Ripcord without a doubt. Fast quiet and relaiable. Not to mention OUTSTANDING customer service. Equal too or better than the famed Martin service. My Ripcord is a 06-07 model and I inquired about a price guide for a replacement spring. Not that it needed one but just for a upgrade to 09 standards. They sent me all the bolts, washers, springs, spacers, silencers, arrow holders, retainer bar, screws as well as 2 launcher arms and 2 replacement cords also the new "football" clamp for the cable attachment. For FREE and they paid shipping. 
I will shoot Ripcord for life now.
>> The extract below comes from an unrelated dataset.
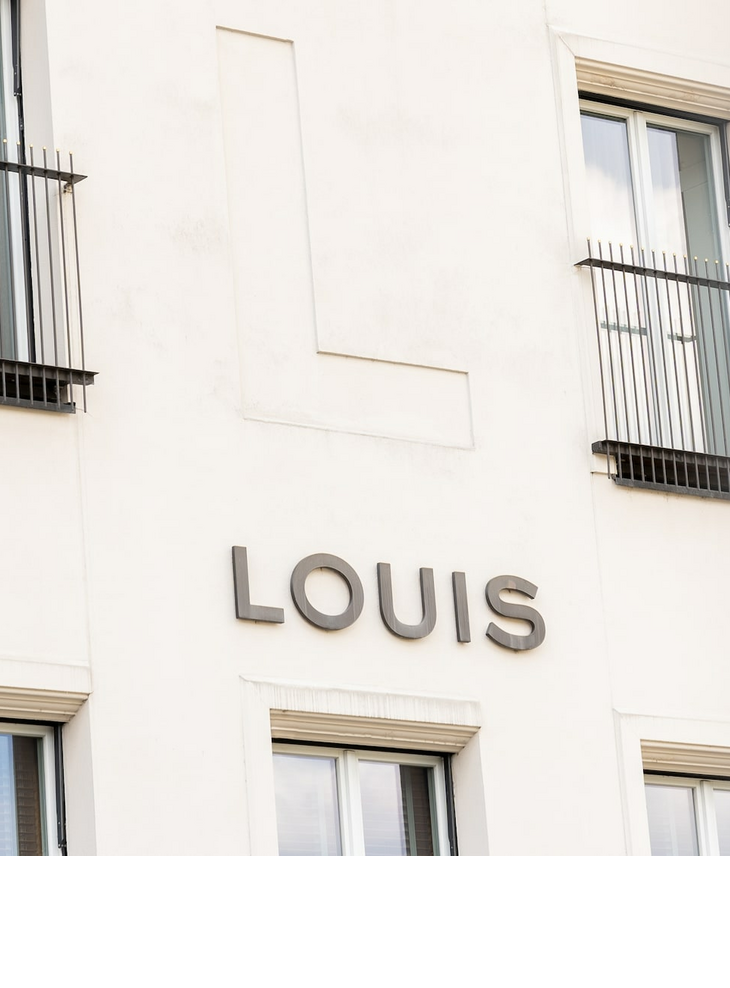 Exterior view LOUIS Hotel Munich logo Viktualienmarkt Façade of the LOUIS Hotel in Munich with large windows and balcony grilles.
Kieth and Lindy are awesome people and have an outstanding product.


----------



## tracy bullock (Jun 5, 2007)

rstoltz said:


> G5 EXPERT, one of the easiest to set up, quietest rest out there.


Ditto on the G5..I shoot DMI expert II's and they are great.Same rest as the G5 except DMI has stainless screws and springs..


----------



## dso970 (Sep 20, 2006)

limbdriver here. tried a t.t. and a qad, but not nearly as good as the limbdriver. imo


----------



## CertifiedNewb (Mar 4, 2009)

*best rest*

QAD LD HD. AWESOME:cheers:


----------



## Guest (May 19, 2009)

Qad hd


----------



## ontarget46 (Jul 20, 2008)

bowhunterprime said:


> I just want everybody's opinion. What is the best drop away rest on the market? -Chris


G5 drop rest


----------



## CharlieX3 (Oct 21, 2008)

*rest*

Schaffer, period


----------



## camoman73 (Jul 7, 2007)

Qad qad qad!


----------



## justin8618 (Jan 30, 2008)

ripcord all the way!!!


----------



## completepassthru (Feb 3, 2008)

without a doubt it is the Trophy Ridge Drop Zone. It is the fastest in my opinion. It is quiet, fast, and accurate. You do not have to worry about internal mechanisms like on the quad.


----------



## X-force09 (Jan 13, 2009)

DMI expert 2 rest. shoots smoothly. only problem is the arrow can fall of if not in the right area on the bow.


----------



## sirknight (May 10, 2009)

qad hunter rest works great.


----------



## D.Delozier (May 21, 2009)

Ditto the Drop Zone - had the same one on my Bowtech for 4 years, still works like the day I put it on.


----------



## deadly (Mar 17, 2006)

There are about a dozen that work great when set up properly. Just depends if you want full containment or not.


----------



## deerckiller (May 18, 2009)

QAD PRO, it seems to have the best containment system.


----------



## Woolecox (May 23, 2009)

Trophy Ridge Drop Zone. I have only shot one other rest since the drop aways came on the scene. That one was the Matthews Down Force. That thing is now in my junk drawer. 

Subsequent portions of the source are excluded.